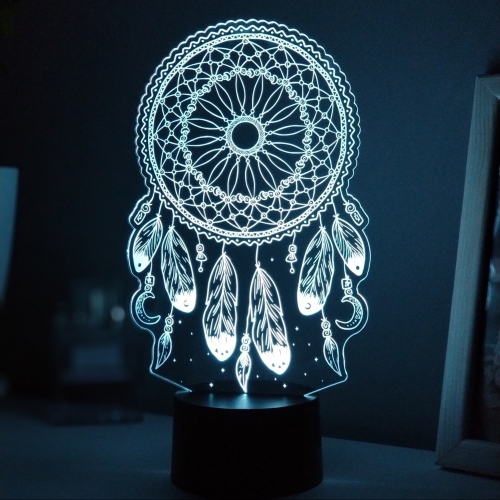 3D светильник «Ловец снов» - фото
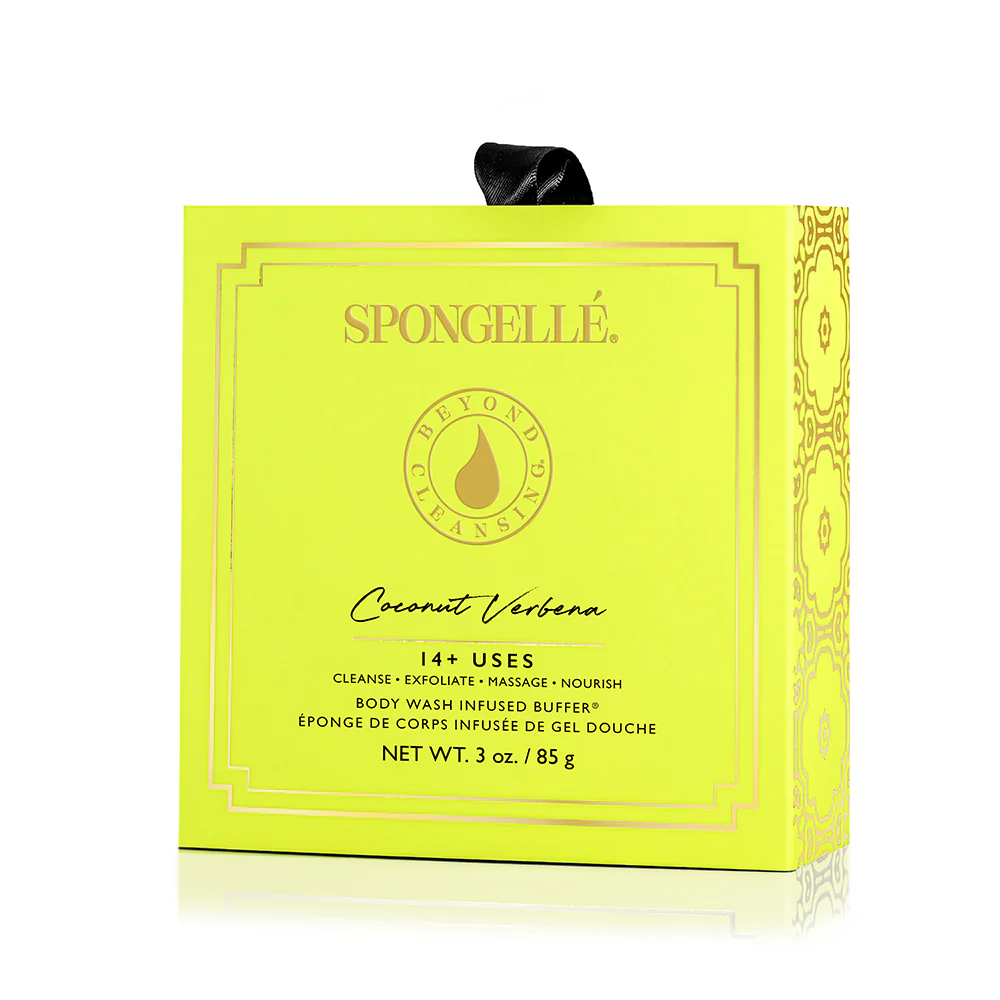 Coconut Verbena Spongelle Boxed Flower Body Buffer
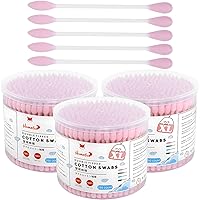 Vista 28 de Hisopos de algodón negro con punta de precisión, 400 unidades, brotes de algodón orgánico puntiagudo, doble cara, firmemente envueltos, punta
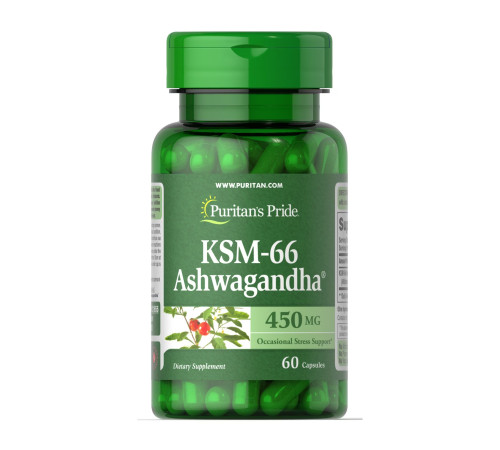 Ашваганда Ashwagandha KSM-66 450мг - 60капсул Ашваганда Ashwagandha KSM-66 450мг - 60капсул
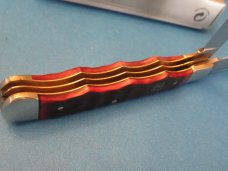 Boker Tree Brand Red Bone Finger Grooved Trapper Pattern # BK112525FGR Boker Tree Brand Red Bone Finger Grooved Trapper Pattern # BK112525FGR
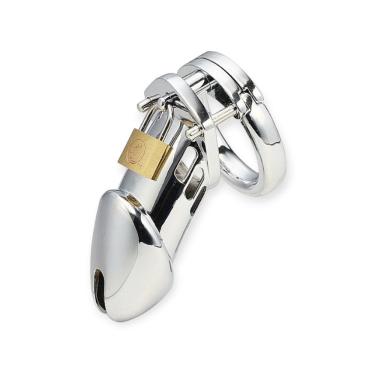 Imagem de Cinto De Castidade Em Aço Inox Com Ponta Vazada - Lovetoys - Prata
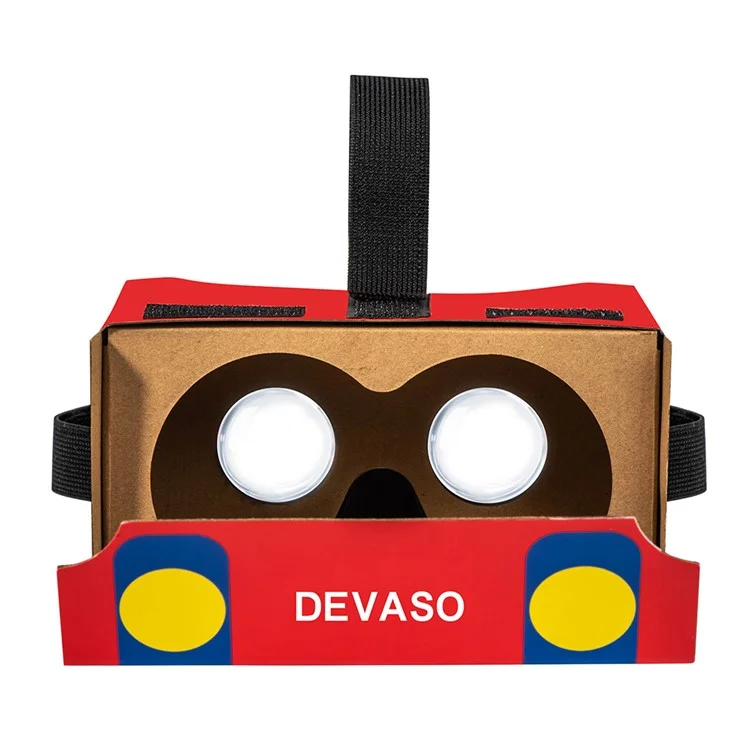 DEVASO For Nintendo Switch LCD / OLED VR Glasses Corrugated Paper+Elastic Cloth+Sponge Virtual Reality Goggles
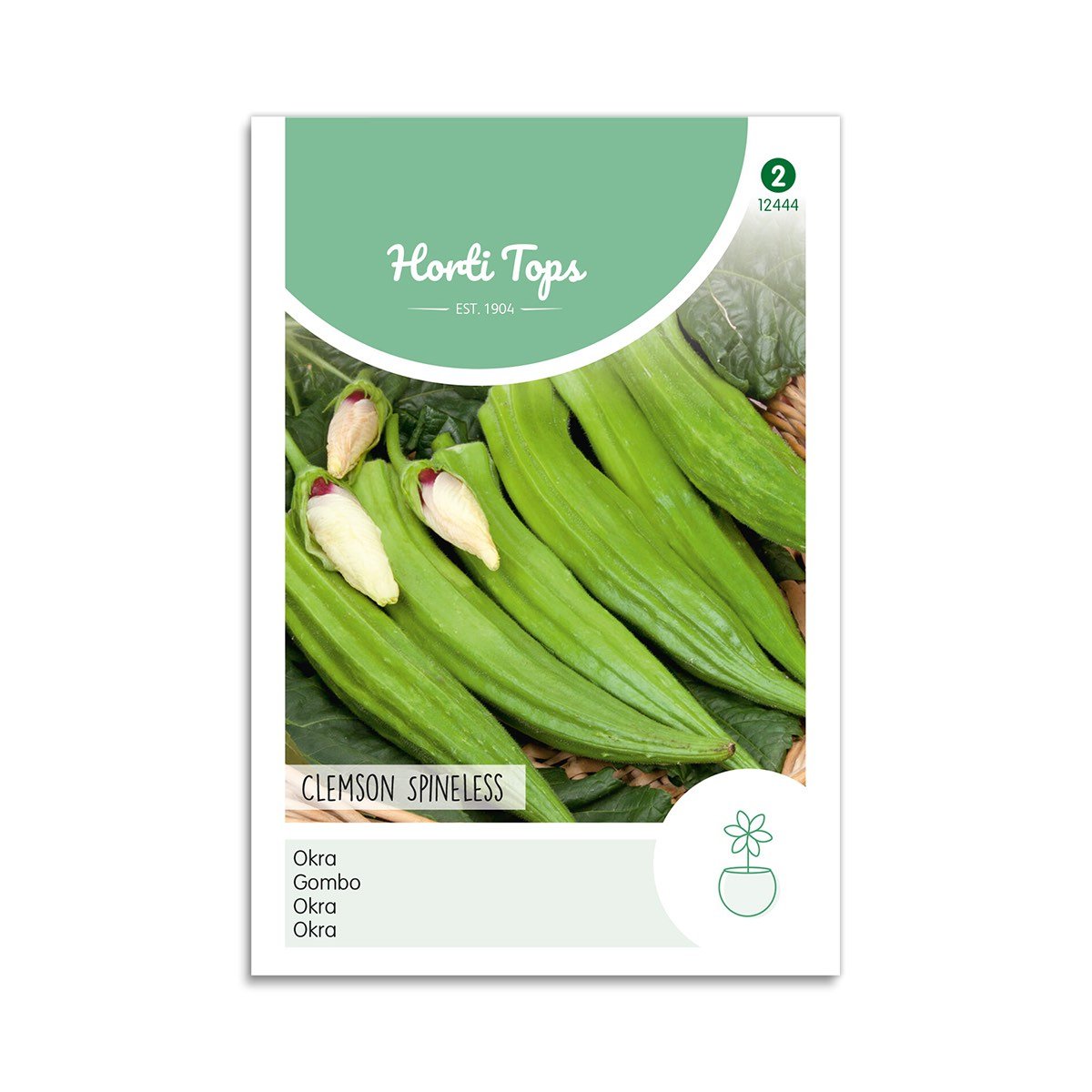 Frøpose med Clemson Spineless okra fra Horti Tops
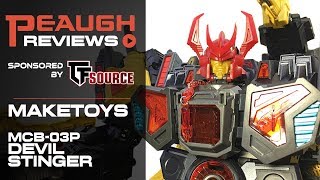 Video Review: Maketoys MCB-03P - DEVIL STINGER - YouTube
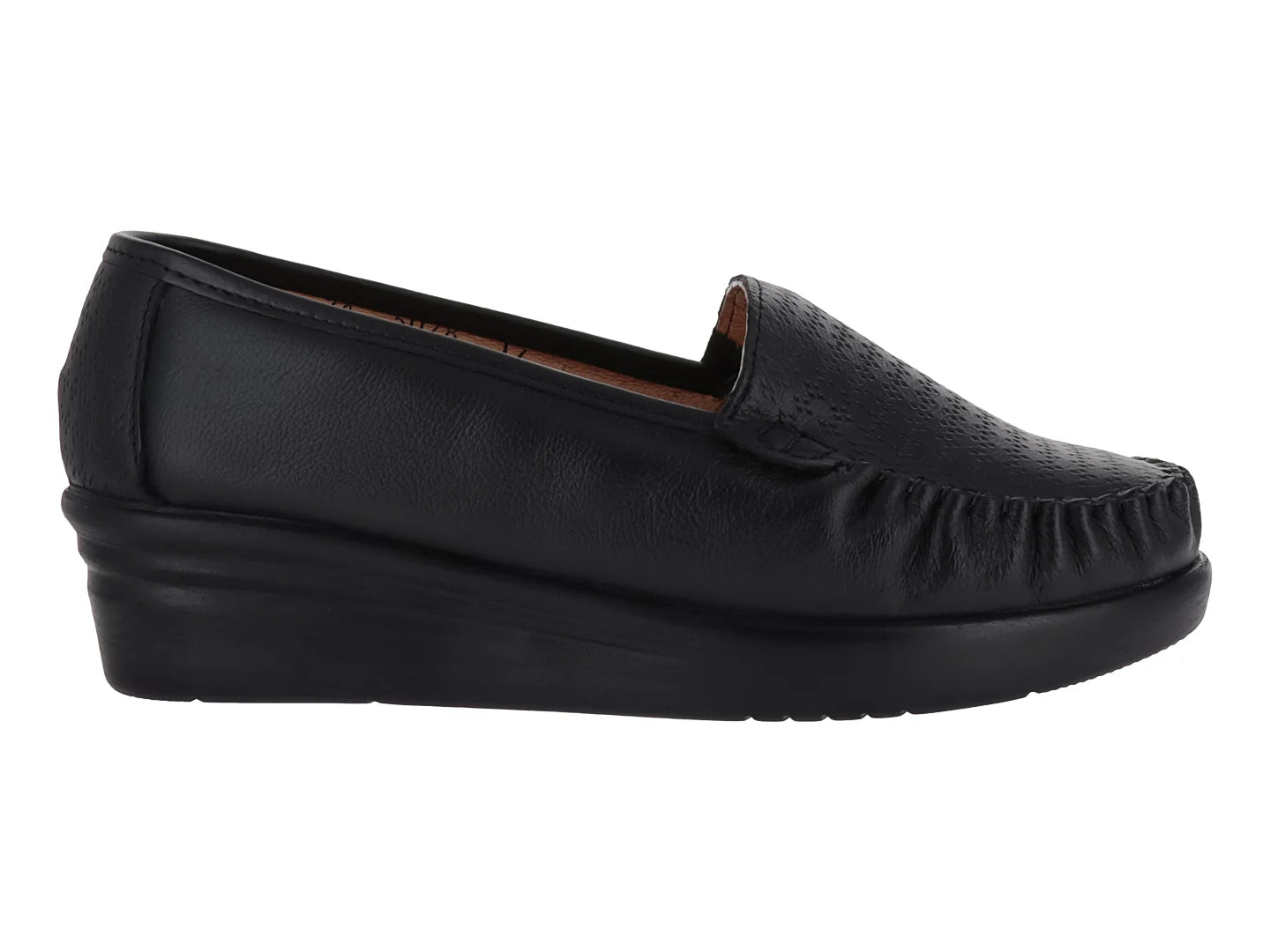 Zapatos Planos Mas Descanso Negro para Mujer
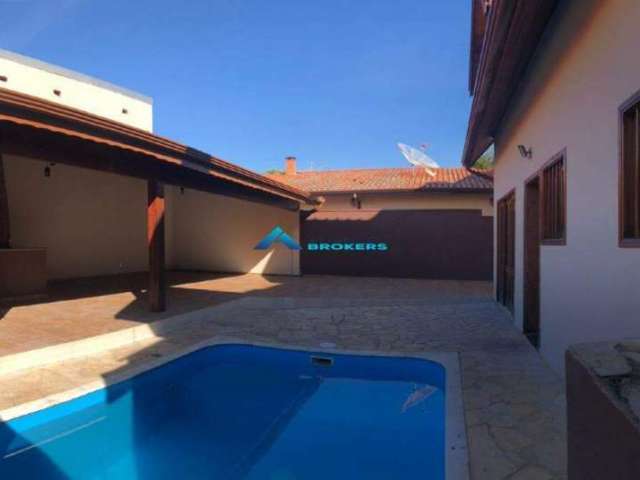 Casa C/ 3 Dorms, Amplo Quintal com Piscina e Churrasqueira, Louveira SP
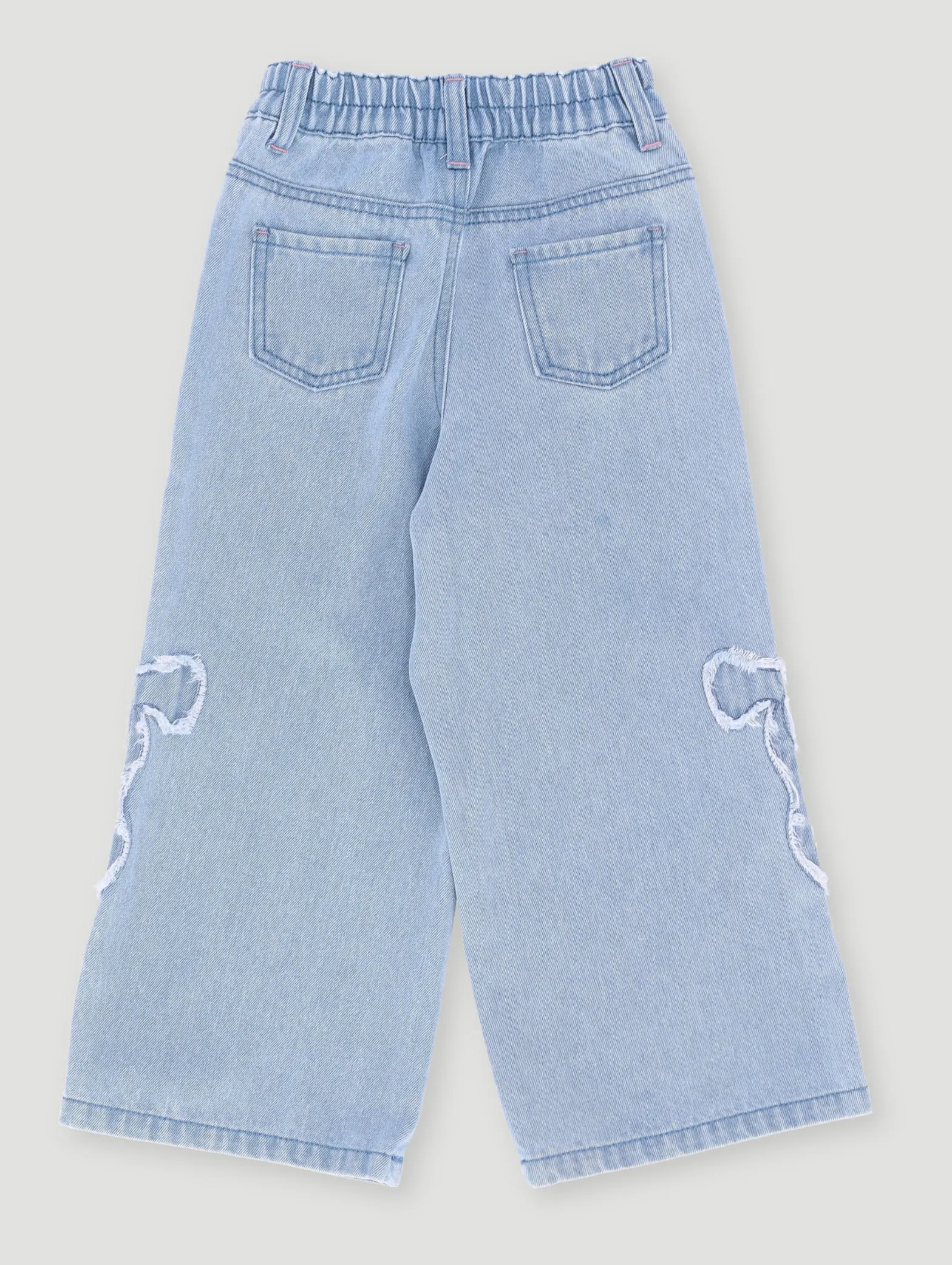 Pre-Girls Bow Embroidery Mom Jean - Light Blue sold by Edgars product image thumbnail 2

::::::::

• **PROBLEM TO WORK ON**: Starting at the line that contains "Zapatos Planos Mas Descanso Negro para Mujer", reproduce each line exactly through the end of the entries above, leaving every picture out.

• **WRITTEN ANSWER**:
 Zapatos Planos Mas Descanso Negro para Mujer
 Casa C/ 3 Dorms, Amplo Quintal com Piscina e Churrasqueira, Louveira SP
 Pre-Girls Bow Embroidery Mom Jean - Light Blue sold by Edgars product image thumbnail 2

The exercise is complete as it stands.